Scrap CSSセレクタは、壊れたjson文字列を返します。

-2

Hey私はPythonに初心者です。特にスクラピーです。Walmartをスクラップしようとしています。しかし、私は1つの問題で立ち往生しています。私は、応答Scrap CSSセレクタは、壊れたjson文字列を返します。

__WML_REDUX_INITIAL_STATE__ =*(.*\});\}; からJSON文字列を取得するには、この正規表現しています。しかし、それはjson.loadsが失敗したいくつかの回例えばFRこのwalmart productによりこれに壊れたJSON文字列を与えます。この問題はREGXまたはscrapyで.Iは、なぜこれが起こっている

出典

2017-07-13 Afraz Ahmad

サンプルJASONを出して、希望の出力と実際の出力を見せてください。 –

ここにsmaple json [jsonファイル]（https://gist.github.com/afrazahmad21/3f76f9010cc847319dcfd8ef4396151a） –

希望の出力が有効ですjson –

Scrapy/ParselのSelector.re()と.re_first()は、HTML文字エンティティ参照を置き換える（残念ながら）デフォルトの動作を持っています。

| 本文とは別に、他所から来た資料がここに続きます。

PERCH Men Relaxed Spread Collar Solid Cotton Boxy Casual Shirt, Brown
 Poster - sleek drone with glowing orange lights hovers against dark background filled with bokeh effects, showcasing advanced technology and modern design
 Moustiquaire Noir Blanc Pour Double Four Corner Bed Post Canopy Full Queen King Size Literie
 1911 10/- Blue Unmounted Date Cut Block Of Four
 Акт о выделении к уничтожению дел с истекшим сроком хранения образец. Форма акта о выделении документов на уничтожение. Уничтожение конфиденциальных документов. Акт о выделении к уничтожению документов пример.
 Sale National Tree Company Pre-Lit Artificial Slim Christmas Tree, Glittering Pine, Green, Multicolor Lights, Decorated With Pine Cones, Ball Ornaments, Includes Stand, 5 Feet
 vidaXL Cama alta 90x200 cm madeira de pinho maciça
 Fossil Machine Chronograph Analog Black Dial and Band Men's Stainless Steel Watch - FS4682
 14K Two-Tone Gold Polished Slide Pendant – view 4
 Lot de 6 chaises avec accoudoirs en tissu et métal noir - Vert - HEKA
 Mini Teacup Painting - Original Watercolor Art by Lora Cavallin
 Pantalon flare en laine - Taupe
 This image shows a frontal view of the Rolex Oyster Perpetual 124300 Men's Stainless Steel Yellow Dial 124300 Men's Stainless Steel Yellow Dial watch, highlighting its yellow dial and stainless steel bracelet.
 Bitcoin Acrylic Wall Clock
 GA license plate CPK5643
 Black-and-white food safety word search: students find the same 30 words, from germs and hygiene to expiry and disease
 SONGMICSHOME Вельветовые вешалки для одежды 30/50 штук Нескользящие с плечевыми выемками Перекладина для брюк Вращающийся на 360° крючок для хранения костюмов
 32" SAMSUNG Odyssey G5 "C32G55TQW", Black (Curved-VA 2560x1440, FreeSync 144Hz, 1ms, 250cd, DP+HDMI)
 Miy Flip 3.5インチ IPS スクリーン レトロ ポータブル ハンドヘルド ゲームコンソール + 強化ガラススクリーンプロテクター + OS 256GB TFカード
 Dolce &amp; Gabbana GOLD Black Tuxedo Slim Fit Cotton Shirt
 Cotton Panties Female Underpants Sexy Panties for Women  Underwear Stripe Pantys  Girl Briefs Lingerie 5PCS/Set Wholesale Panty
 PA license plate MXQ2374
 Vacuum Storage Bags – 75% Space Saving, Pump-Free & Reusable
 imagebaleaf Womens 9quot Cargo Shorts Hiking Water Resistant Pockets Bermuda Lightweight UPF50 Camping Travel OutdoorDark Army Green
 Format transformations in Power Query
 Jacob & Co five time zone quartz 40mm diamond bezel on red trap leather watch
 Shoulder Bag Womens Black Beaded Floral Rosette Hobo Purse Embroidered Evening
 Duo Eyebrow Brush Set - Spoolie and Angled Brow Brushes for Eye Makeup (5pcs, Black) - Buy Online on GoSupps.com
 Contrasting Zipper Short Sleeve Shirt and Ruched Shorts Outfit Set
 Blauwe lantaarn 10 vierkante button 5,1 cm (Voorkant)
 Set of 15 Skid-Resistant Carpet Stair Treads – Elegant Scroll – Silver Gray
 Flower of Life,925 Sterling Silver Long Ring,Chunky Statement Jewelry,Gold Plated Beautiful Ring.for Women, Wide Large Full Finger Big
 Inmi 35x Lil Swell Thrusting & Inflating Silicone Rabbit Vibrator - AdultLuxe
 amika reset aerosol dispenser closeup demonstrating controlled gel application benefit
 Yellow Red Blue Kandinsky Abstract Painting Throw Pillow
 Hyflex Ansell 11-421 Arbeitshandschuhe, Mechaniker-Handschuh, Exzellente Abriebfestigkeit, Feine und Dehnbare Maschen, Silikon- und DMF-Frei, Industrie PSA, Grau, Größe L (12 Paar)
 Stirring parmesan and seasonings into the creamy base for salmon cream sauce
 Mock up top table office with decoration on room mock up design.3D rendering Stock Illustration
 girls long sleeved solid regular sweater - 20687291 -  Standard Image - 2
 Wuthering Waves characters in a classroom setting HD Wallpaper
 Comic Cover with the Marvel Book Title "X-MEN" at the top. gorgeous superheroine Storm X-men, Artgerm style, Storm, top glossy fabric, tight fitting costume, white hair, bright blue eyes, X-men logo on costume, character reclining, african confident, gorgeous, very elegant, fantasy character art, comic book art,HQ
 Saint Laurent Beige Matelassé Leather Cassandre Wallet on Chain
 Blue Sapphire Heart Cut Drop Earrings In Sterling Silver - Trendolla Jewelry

取得しておりませんされてこれによりJSONのデコードが失敗することがあります。

サンプルURLをスクリーニングシェルで表示します。

$ scrapy shell https://www.walmart.com/ip/Riders-by-Lee-Women-s-On-the-Go-Performance-Capri/145227527 -s USER_AGENT='mozilla' 
2017-07-13 15:24:30 [scrapy.utils.log] INFO: Scrapy 1.4.0 started (bot: scrapybot) 
(..) 
2017-07-13 15:24:31 [scrapy.core.engine] DEBUG: Crawled (200) <GET https://www.walmart.com/ip/Riders-by-Lee-Women-s-On-the-Go-Performance-Capri/145227527> (referer: None) 
>>> data = response.xpath('//script/text()').re_first('__WML_REDUX_INITIAL_STATE__ =*(.*\});\};') 
>>> data[:25], data[-25:] 
(' {"uuid":null,"isMobile":', 'nabled":true,"seller":{}}')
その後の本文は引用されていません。